I meant in two days I'll get on a real keyboard and elaborate. It's a wonder I'm not trying to type all this with my thumbs, and also a wonder how quickly we adapted to utilizing our unique little assets on the edges of our hands to typing. . .wonders abound.
Not to leave out the wonder of all that is happening now. Well, I've driven the bus downtown two days in a row to get paneling - the first was much too flimsy. It was a nice little story and example of having what we need with some faith and trust - and then realizing when we got back and Matthew begin cutting it with a jigsaw, and the crap smelled like a pizza box and fell apart with a saw. . .well, it was a good little check for Matthew and a good check for my guilty ego who felt unable to provide anything worth working with. . .Both of us recovered and after a day of work and a full day of rain, Matthew got to work on the panels (the better, much more expensive ones that we went back for Saturday) this afternoon while Mercury and I made a craft run and I found some awesome Sharpie oil-based paint pens. . .oh yeah, if the right people show up Friday for our sendoff party, we'll get some pleasant details on the bus done. . .
There seems to be a theme in what comes up weekly in my everyday conversations with people, everybody - concerning the trip. Also, I dislike calling it a trip. We're not falling, we're not taking a vacation - it's just the next year for us. . .so I'll start referring to it as that - the next year. Ok, so - the theme as of the last few days has been once again funding, and I cannot scientifically explain or logically persuade anyone to believe me, but somehow it just always works out. And that's why I'm not banging my head against the wall or losing my cool when the ibook died, or when I get a 5% tip on a table at work. . .I trust, believe, and certainly don't stand idle, but I don't panic either, and hey - I think of all those folks out there that don't have kids because they can't afford them, but I have three and literally make less then anyone I know, single, married, or with kids! My kids enjoy grand lives. It doesn't add up, but actually, yes it does. . .
We have re-defined the good things in life, the necessity, the prizes, the goals. Well, I have, and then I teach them rather - and sometimes it's the other way around, yes, that's true. It's about to get much more nitty gritty on the road, but we all talk about it - you don't take anything with you to your grave, right? Store your treasure up in heaven, right? Sell your things and follow me (Christ), right? Let go or be dragged, right? Boy, if we can't see where that happiness is when we are with our loved ones, standing there with them, in the rain, in the sun, in the car, across the table - man, we all need to check ourselves.

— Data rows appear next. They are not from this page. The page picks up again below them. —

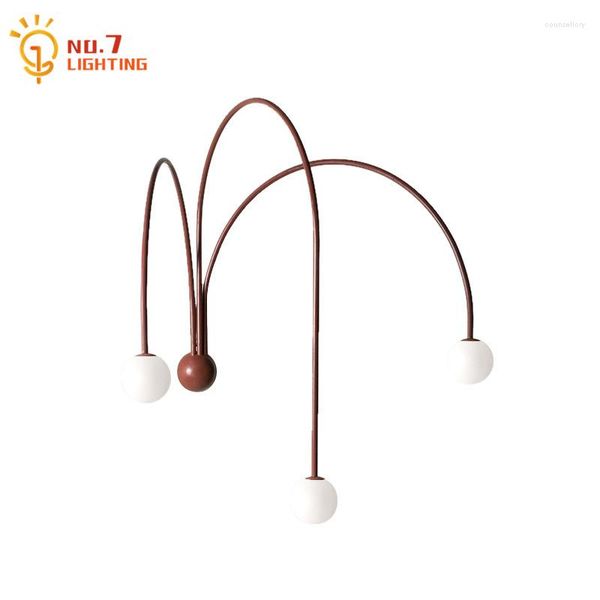 Lampes murales Design italien Minimaliste Ligne Rouge Lampe LED G9 Fer Art Moderne Monté Décor À La Maison Fond Chambre Étude Salon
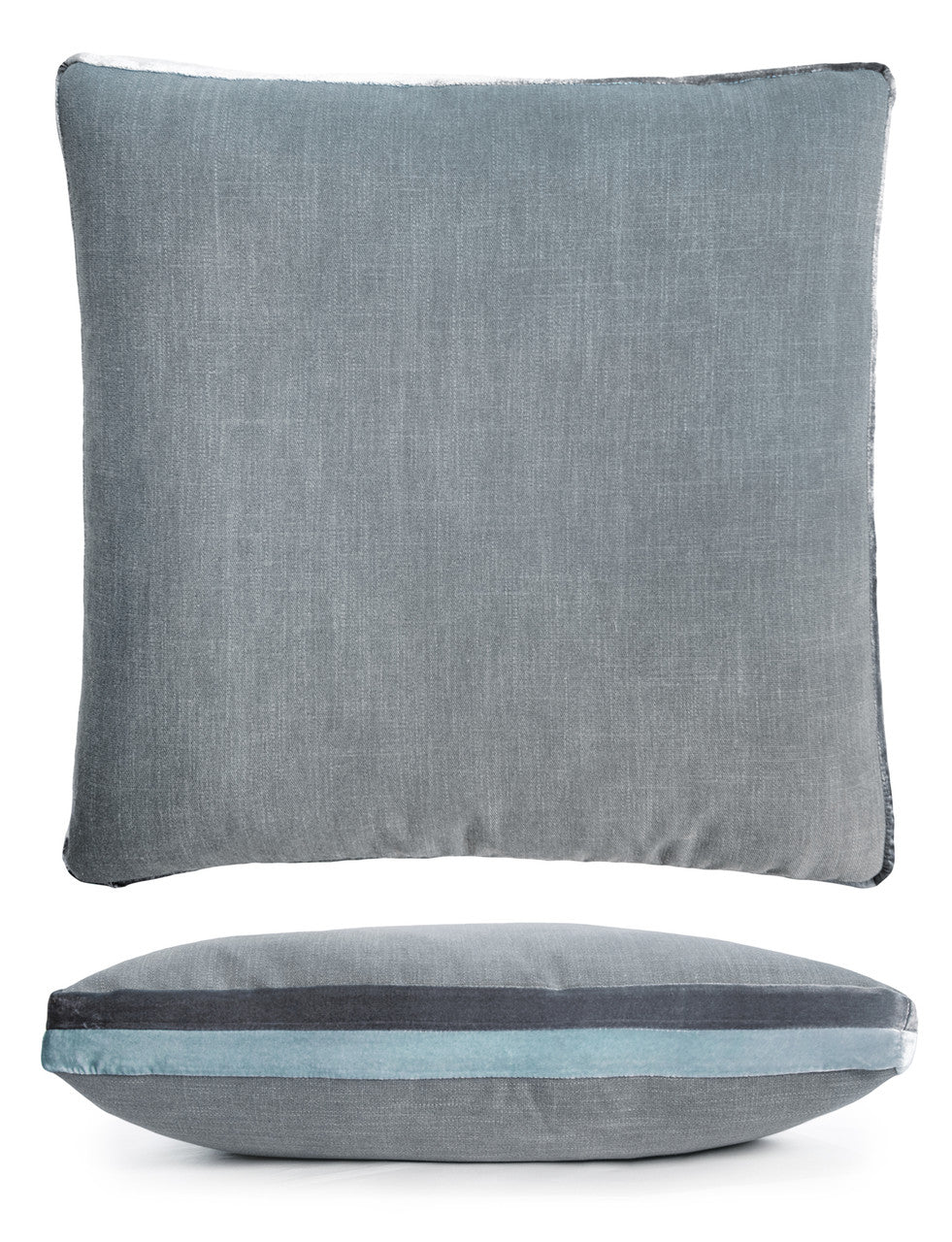 Dusk Double Tuxedo Pillow with Velvet Stripes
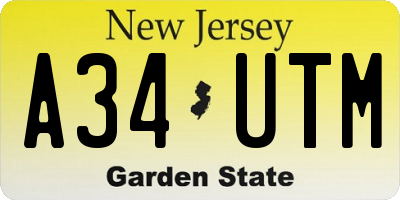 NJ license plate A34UTM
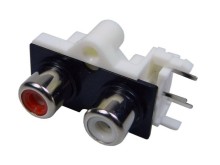 Uhlový konektor CINCH L+R pre plošný spoj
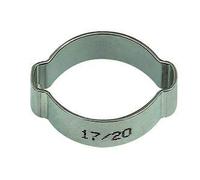 Fascetta stringitubo a 2 orecchie, in acciaio inox 1.4301 (W4), campo di serraggio 7,0-9,0 mm, larghezza banda 6,0 mm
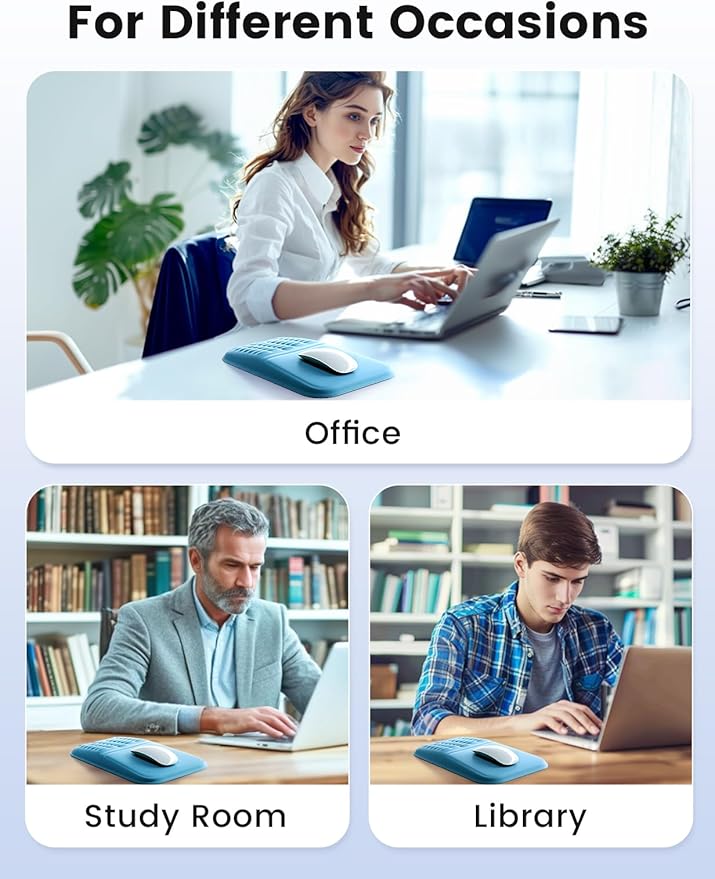 Vaydeer Ergonomic Mouse Pad with Wrist Rest – Memory Foam Mouse Pad with Wrist Support & Massage Bulge, Non-Slip PU Base, Relieves Carpal Tunnel Pain – Ideal Mouse Wrist Rest for Office & Home (Gray)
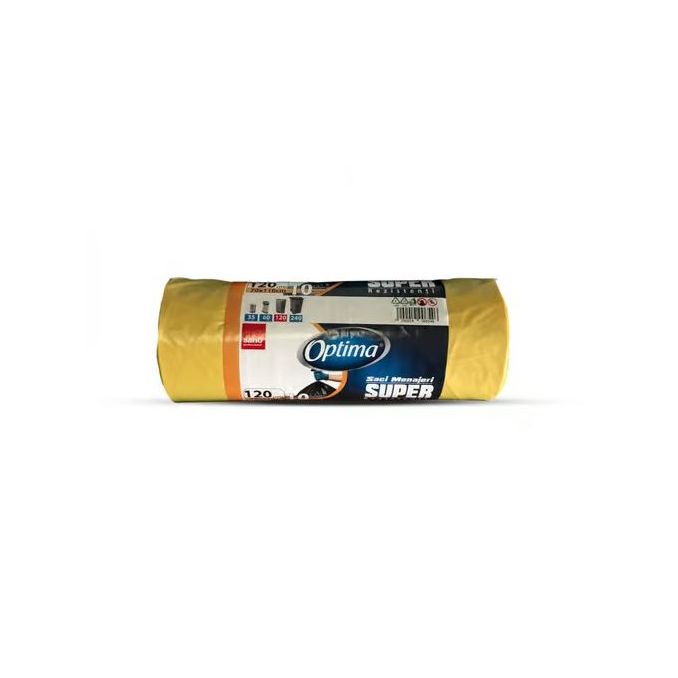 Produse de curatenie - Saci menajeri, 120L, 10 buc/rola, galben, Sano Optima Produse de curatenie - Saci menajeri, 120L, 10 buc/rola, galben, Sano Optima
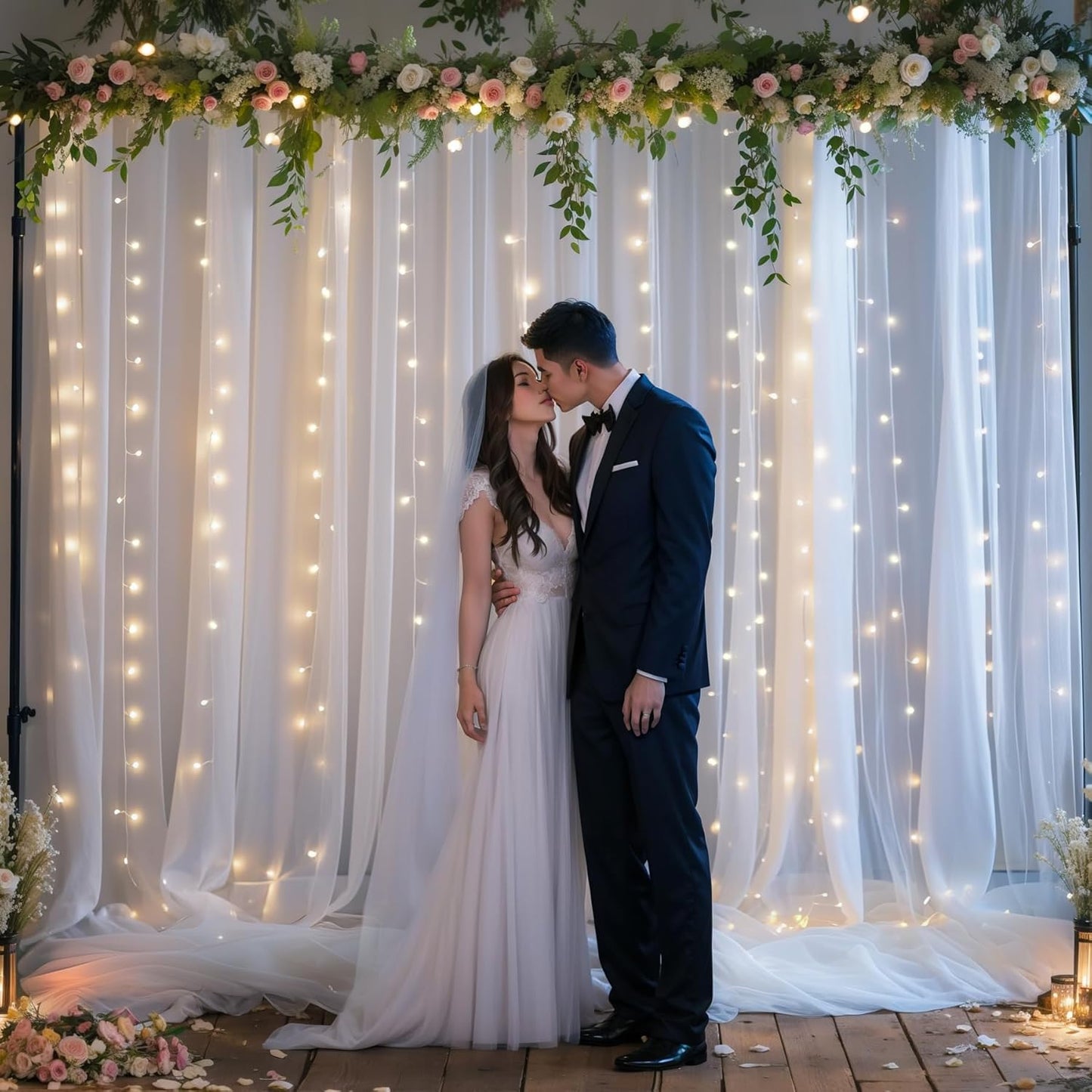 10ft x 8ft White Sheer Tulle Backdrop Curtains with Lights String Wedding Backdrop for Reception Ceremony Birthday Party Baby Shower Photo Booth Background Decoration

Being a server at a lakeside restaurant, I see many people come in from the lake, already a bit warmed up from the sun and some beer, socially lubricated from either or both, happy for whatever it counts. Then there are people, couples even, who look as if it's a pain to have to go out to eat. It's a chore to sit with familiar people to them, be served food, it's all so difficult. How we've lost touch! And they have to complain and take their antidepressants and sit sadly silent or quietly abrasive, then they leave a poor tip and depart in a car far newer and quieter and nicer smelling then mine has ever been, with a scowl on their faces. I don't think life should be this way. I think back to some good movies - Office Space and Shawn of the Dead - people are zombies - they work droning and deadening jobs for things that aren't necessity, but dont' have the time or energy to break out of the cycle long enough to realize it's not necessity!

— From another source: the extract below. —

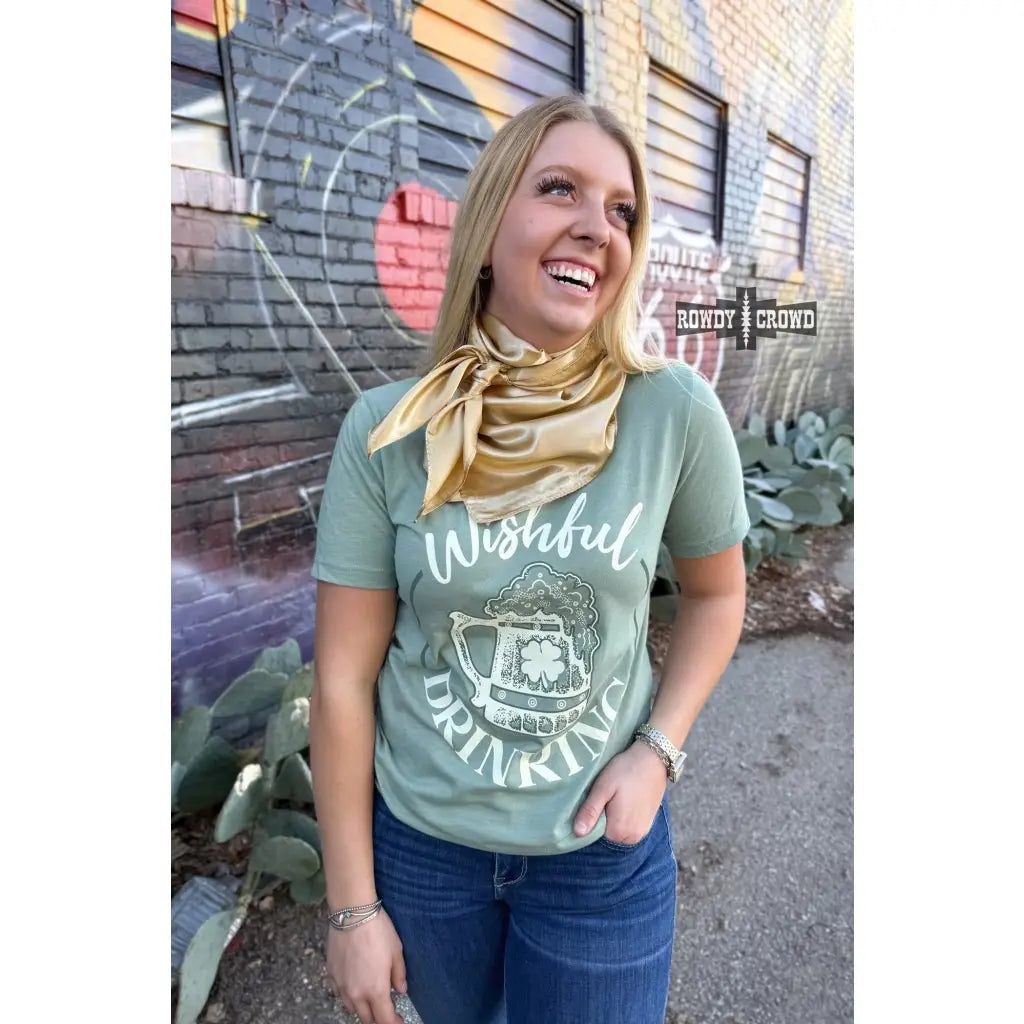 Celebrate in style with the Wishful Drinking T Shirt! A soft lightweight green tee. Plus it’s available sizes S 3XL!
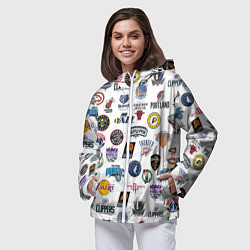Ветровка с капюшоном женская NBA Pattern, цвет: 3D-белый — фото 2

So! How will I pay for the next year? I don't know. I mean, I have some ideas - a funding website, I am still getting foodstamps plenty enough until December, when I re-apply (a touchy subject for many, most of whom are very hard-working middle class who have never been on welfare and can't understand anyone needing it unless they are lazy. For many, welfare indicates laziness. I hope you don't think that, now. . .), applying for grants, the veggie oil will help out in actual locomotion, getting a small portable printer and taking some portraits from my iphone and printing them out on the spot for a few bucks, and child support (hahahaha). Also seeing if I can get a little gig in Philly for a couple of weeks for some cash while I'm there. It's not as if I have nothing to go on. . .if you could see the plans I had (or didn't) to survive the last 2 winters alone, you wouldn't be shaking your head right now. Sponsors are always welcome, and once we're on the road, hanging our heads and hands out in the northern winds and spreading our goofiness and innocent trust around a lot more people, well, I have an idea we'll catch someone's eye. After all that has been given to us in way of food, shelter, friends, health, and love - well, there's not much more that you have a taste for after that good stuff. Who wants fillers if you've had a quality meal? Things and Blings are fillers. Love is the perfect food. And trust is the utensil that brings it to our mouths. HA!

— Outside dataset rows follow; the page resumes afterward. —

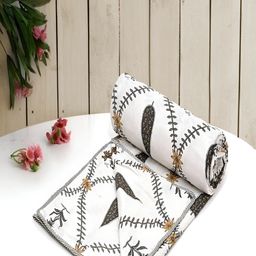 tundwal's Grey & White Floral AC Room 210 GSM Cotton Double Bed Dohar-image-82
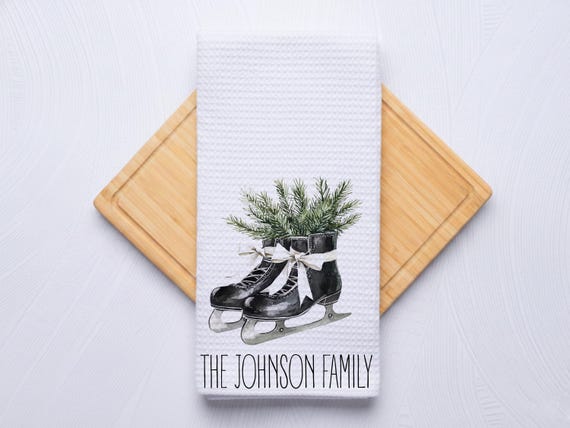 Vintage Ice Skates Personalized Black Christmas Hand Towel for Kitchen and Bath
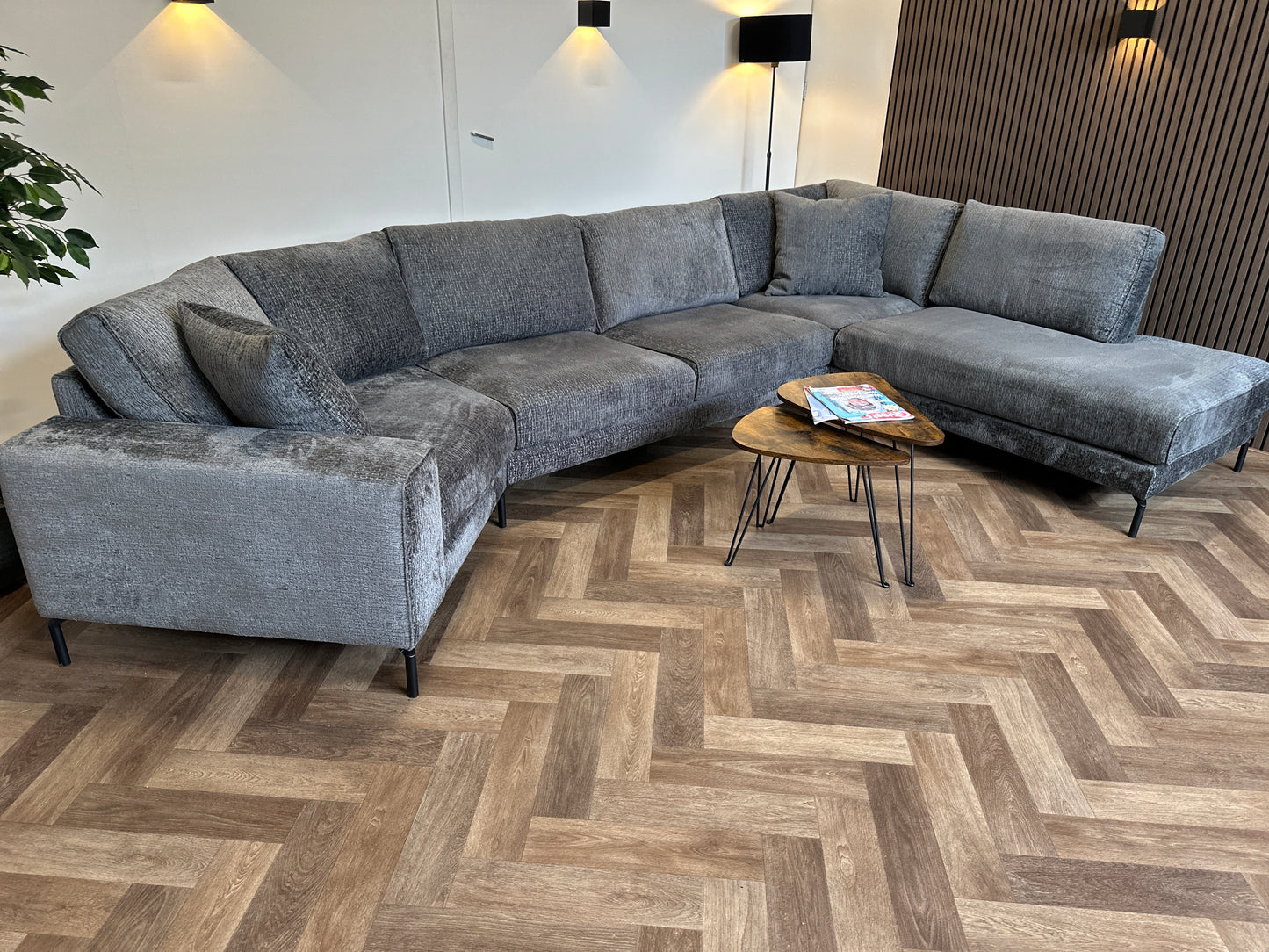 Antraciete hoekbank 385x235cm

A new idea wakes from the idea that took a single-parent family away from the confines of compromise and settlement. Now we work toward driving art around and creating our own, mobile community. . .
From a moving home to Moving Pictures Gallery, the birth and re-birth of a 36' International school bus, struggling to become a green vehicle opening its doors literally to artists with something to say and those who long to hear it. Starting from scratch and loving the haters. Welcome to the happiness bus. . .
Monday, June 20, 2011
Saturday, June 18, 2011
Just fine
Here's the low down. I'm typing with my thumbs first of all. That's right thank God for refurbished iPhones. My logic board bit the dust so I have no laptop. No biggie. The last 4 days have been a test in patience for a quest to get the bunks and paneling in. Purchased all the liner for the bunks thanks to selling our stuff in 2 yard sales. Then after the insulation ( more later on that experience) we saw that the paneling really should be don for simplicity before the bunks and loft...so with the $74 I had from work I drove the bus to the local close out supply store for the cheapest panel available. No problem right? Well, lessons come easy, answers take more time.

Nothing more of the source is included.